Brief
In the records below, the relevant part opens with the line containing "Free Bar Stool" and closes with the line containing "新品 イノベーター innovator 36L アルミ 機内持込み スーツ 新品"; print that part exactly and only, without its pictures.

Source data

----

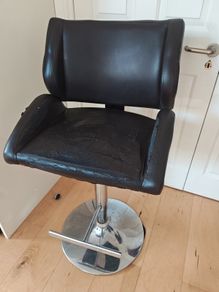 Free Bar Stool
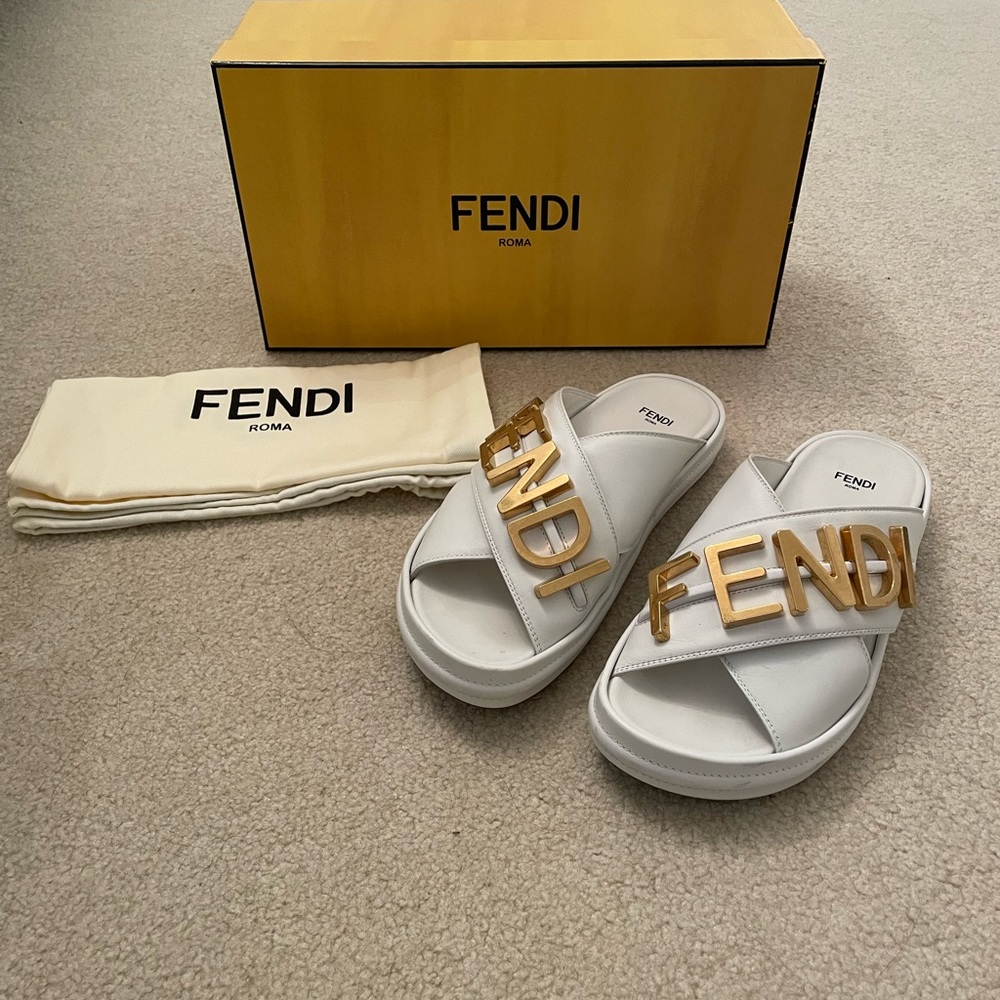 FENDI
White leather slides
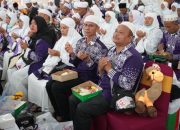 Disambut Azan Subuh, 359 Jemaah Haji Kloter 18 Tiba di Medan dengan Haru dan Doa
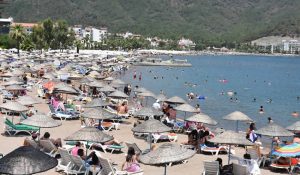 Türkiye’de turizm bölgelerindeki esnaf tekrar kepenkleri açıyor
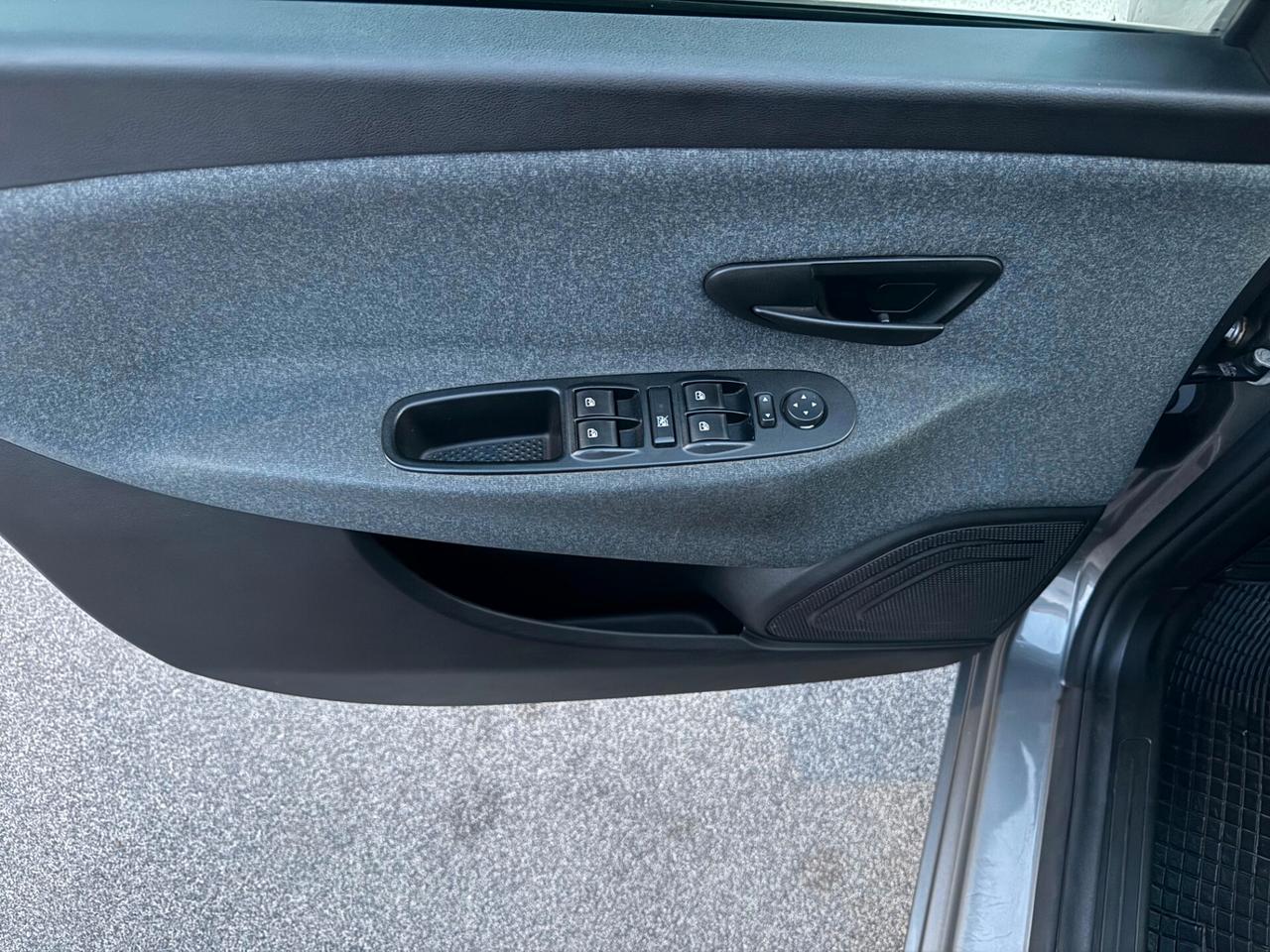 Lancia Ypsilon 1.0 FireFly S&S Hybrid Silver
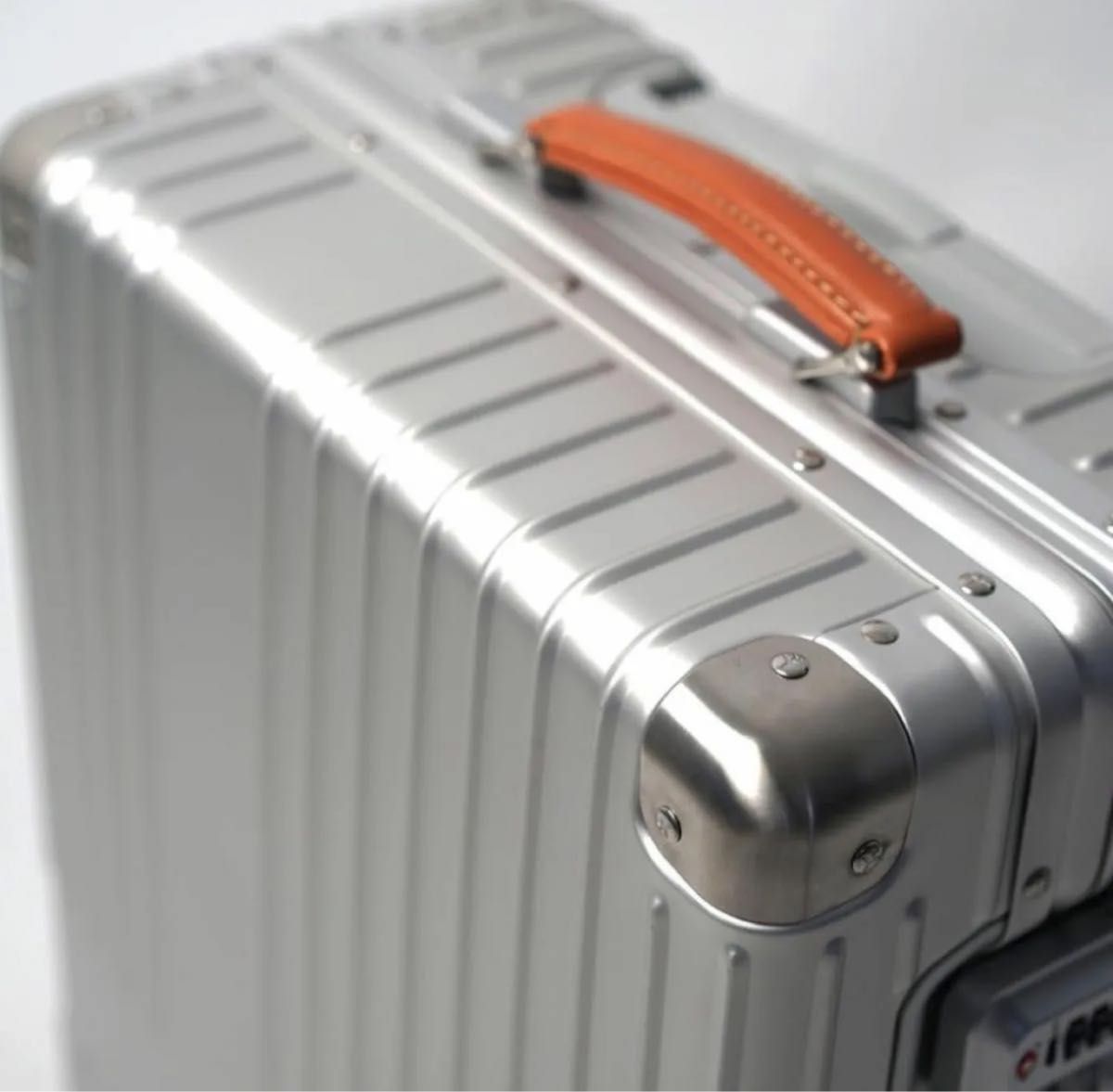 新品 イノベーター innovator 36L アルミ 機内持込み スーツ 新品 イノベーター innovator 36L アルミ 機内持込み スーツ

----

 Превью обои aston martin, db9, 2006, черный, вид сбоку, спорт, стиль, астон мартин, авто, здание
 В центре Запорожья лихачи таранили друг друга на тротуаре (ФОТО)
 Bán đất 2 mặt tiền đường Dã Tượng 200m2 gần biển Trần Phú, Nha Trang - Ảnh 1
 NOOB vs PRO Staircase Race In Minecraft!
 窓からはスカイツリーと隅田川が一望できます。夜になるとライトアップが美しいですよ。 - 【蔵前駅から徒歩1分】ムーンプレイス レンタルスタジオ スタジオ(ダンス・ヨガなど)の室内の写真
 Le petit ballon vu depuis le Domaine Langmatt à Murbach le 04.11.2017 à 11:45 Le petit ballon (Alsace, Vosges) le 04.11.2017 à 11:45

----

Response for this exercise
 Free Bar Stool
 FENDI
White leather slides
 Disambut Azan Subuh, 359 Jemaah Haji Kloter 18 Tiba di Medan dengan Haru dan Doa
 Türkiye’de turizm bölgelerindeki esnaf tekrar kepenkleri açıyor
 Lancia Ypsilon 1.0 FireFly S&S Hybrid Silver
 新品 イノベーター innovator 36L アルミ 機内持込み スーツ 新品 イノベーター innovator 36L アルミ 機内持込み スーツ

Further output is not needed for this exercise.